HC Deb 28 October 1937 vol 328 cc266-7W
Mr. Sandys

asked the Secretary of State for the Colonies when General Sir Arthur Wauchope is returning to Palestine?

Mr. Ormsby-Gore

Since Sir Arthur Wauchope came home on leave early in September he has suffered from an illness requiring treatment in a nursing home. He is now recovering and it is hoped that he will be sufficiently restored to health to be able to resume his post about the middle of November. He has, however, intimated that he does not feel that his health will permit his completing the full second term of office as High Commissioner and has therefore asked to be relieved of his duties in the early part of next year. I wish to take this opportunity of expressing the Government's deep appreciation of Sir Arthur Wauchope's long and distinguished services to the State, and I am sure the House will deeply sympathise with him in his premature retirement from an appointment which he has filled with zeal and devotion in most difficult circumstances for no less than six years.

Colonel Wedgwood

asked the Secretary of State for the Colonies whether he will circulate the new Ordinance concerning immigration into Palestine; and whether the onus of proving himself innocent is thereby to be thrown upon the immigrant and those who help or harbour illegal immigrants made guilty of a crime, and distinctions made between Jewish and other immigration?

Mr. Ormsby-Gore

I hope to receive in a few days copies of the Palestine Gazette in which the draft amending Immigration Ordinance was published, and I will then arrange for copies to be placed in the Library.

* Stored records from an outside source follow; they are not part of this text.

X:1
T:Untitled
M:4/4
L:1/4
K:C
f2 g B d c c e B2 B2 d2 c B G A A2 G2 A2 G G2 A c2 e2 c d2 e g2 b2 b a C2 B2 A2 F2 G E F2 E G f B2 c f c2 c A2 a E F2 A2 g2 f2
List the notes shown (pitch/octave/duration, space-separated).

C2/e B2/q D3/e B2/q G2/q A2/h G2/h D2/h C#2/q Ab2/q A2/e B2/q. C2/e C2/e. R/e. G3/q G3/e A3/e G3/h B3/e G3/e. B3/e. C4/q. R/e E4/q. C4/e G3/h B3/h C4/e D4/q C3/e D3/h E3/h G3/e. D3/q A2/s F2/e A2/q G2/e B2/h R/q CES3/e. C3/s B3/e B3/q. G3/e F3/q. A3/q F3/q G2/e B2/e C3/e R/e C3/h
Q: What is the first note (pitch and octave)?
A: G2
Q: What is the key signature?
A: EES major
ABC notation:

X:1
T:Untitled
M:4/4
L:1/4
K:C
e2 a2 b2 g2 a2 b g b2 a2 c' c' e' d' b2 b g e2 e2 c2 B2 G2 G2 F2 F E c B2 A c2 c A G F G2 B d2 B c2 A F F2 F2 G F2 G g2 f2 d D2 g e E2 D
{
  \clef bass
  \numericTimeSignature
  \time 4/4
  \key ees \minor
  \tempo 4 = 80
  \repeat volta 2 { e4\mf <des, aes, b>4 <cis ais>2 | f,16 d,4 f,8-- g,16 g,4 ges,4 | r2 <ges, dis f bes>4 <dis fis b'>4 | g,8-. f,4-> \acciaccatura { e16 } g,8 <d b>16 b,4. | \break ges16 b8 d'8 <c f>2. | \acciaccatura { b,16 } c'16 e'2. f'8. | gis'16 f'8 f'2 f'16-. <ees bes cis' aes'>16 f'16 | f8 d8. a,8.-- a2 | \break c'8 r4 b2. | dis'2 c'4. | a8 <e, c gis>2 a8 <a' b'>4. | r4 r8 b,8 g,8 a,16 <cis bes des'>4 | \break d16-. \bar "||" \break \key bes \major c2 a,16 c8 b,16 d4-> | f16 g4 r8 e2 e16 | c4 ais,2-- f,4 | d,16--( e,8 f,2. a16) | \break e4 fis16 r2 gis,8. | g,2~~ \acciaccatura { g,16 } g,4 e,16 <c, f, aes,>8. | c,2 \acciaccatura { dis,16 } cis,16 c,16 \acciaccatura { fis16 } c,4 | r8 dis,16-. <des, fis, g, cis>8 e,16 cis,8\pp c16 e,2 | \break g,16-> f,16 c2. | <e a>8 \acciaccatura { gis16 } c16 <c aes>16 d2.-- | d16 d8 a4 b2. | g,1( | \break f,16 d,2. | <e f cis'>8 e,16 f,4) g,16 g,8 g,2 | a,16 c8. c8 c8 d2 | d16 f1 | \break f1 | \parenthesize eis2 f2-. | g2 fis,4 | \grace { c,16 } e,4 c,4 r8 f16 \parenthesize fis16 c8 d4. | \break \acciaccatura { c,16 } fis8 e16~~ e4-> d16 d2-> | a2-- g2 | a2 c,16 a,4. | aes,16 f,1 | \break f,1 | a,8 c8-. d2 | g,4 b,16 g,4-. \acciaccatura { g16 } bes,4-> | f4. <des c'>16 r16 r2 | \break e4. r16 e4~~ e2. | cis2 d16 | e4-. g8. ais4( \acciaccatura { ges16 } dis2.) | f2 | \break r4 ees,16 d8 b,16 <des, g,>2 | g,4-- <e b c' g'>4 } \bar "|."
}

As regards the second part of the question, the new Ordinance provides that when a foreigner, that is to say, a person who is not a Palestinian citizen, is charged with entering Palestine unlawfully or with having remained in Palestine after the expiry of any period for which he was allowed to enter as a traveller or on a transit visa, the onus shall be on the accused person to show that he is lawfully in Palestine. The Ordinance also provides penalties for aiding, abetting or harbouring persons acting in contravention of the Immigration Ordinance and empowers the High Commissioner to prescribe the maximum aggregate number of foreigners to be admitted to Palestine as immigrants during any specified period and to prescribe what proportion of that number may be persons of Jewish race.